■ Work required ■
All lines below must be repeated exactly, with the pictures omitted.

■ Data extract ■
· · ·

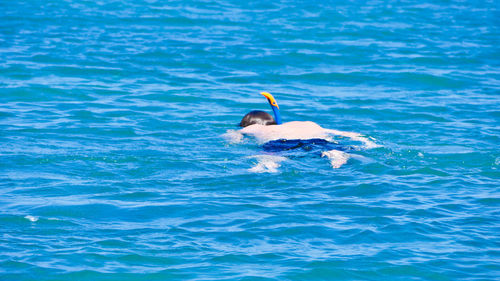 Bird swimming in sea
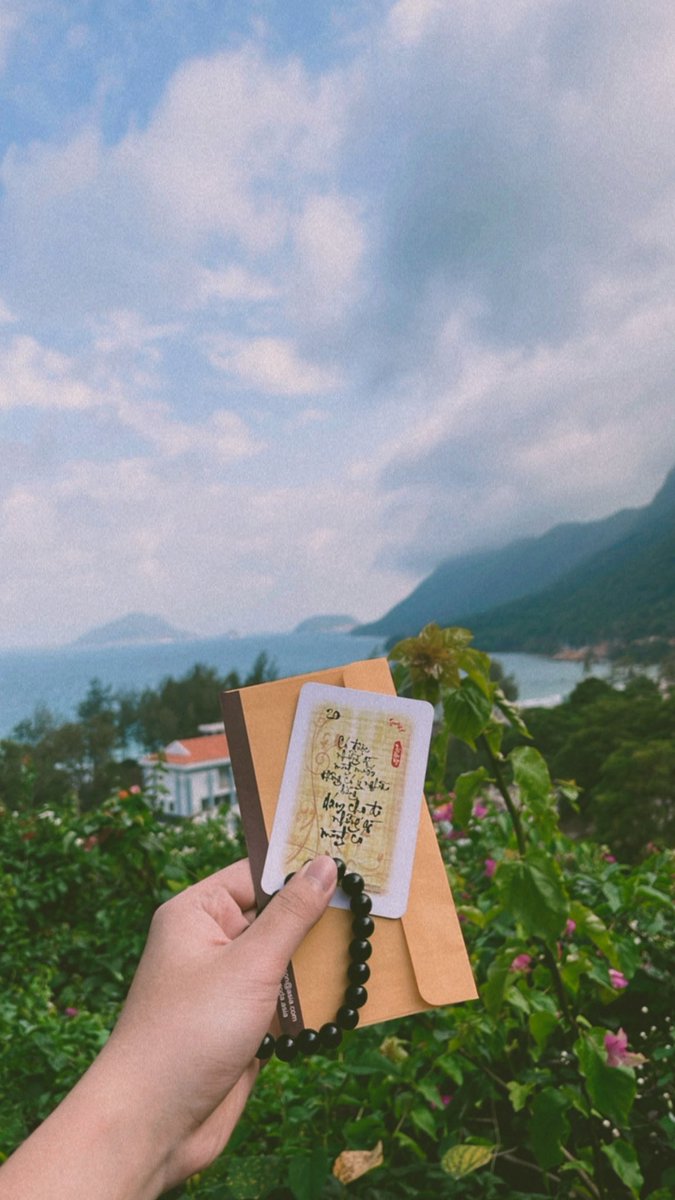 Minh Duc tweet media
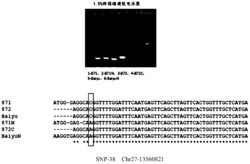 家蚕抗血液型脓病的SNP分子标记及其应用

· · ·

■ Solved problem ■
 Bird swimming in sea
 Minh Duc tweet media
 家蚕抗血液型脓病的SNP分子标记及其应用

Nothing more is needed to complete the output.